HOW TO COMPLETE THIS TASK:
Dropping every picture, set down exactly the lines in the entries below, starting with the line with "JOELHO INTERNO DUP." and going on through the line with "イナ (=ﾟωﾟ=) バイオレンス".

[[ DATA PROVIDED, beginning ]]

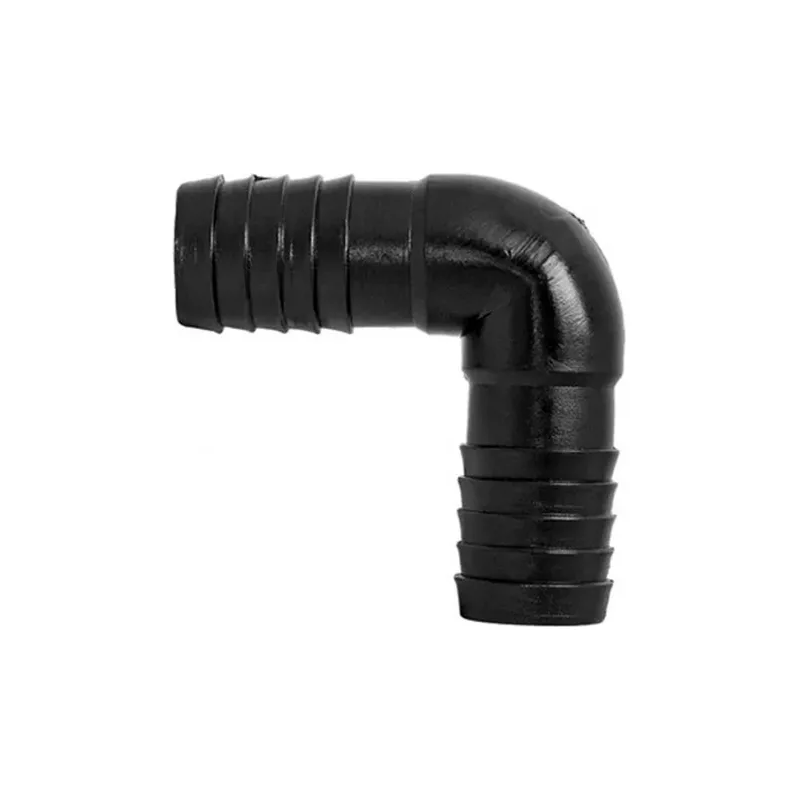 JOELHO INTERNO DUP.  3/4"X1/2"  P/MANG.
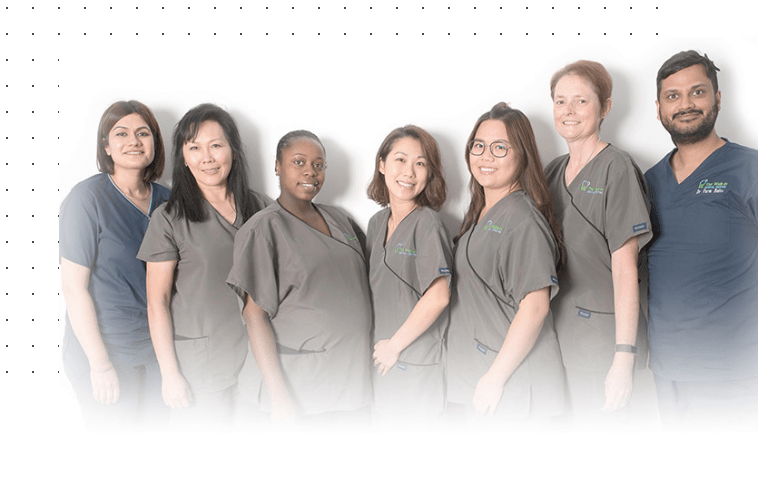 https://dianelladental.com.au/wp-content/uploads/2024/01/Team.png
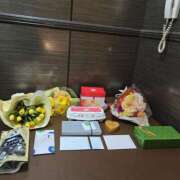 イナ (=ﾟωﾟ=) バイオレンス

[[ DATA PROVIDED, end ]]
[[ DATA PROVIDED, beginning ]]

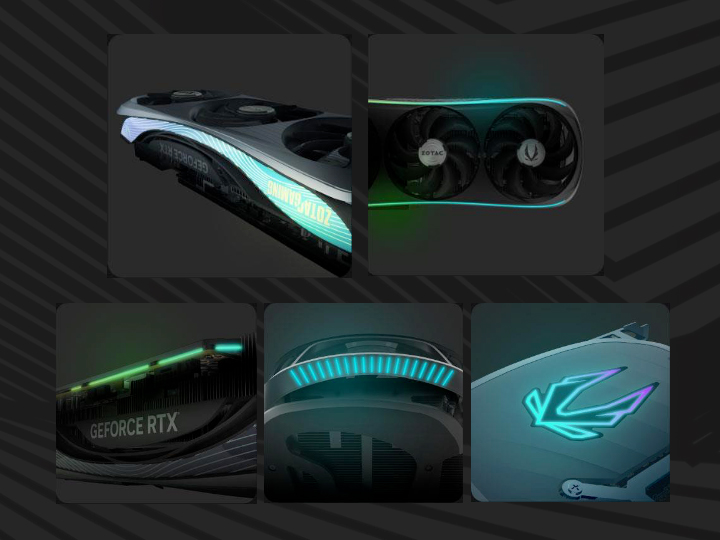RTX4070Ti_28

[[ DATA PROVIDED, end ]]

WRITTEN RESPONSE:
 JOELHO INTERNO DUP.  3/4"X1/2"  P/MANG.
 https://dianelladental.com.au/wp-content/uploads/2024/01/Team.png
 イナ (=ﾟωﾟ=) バイオレンス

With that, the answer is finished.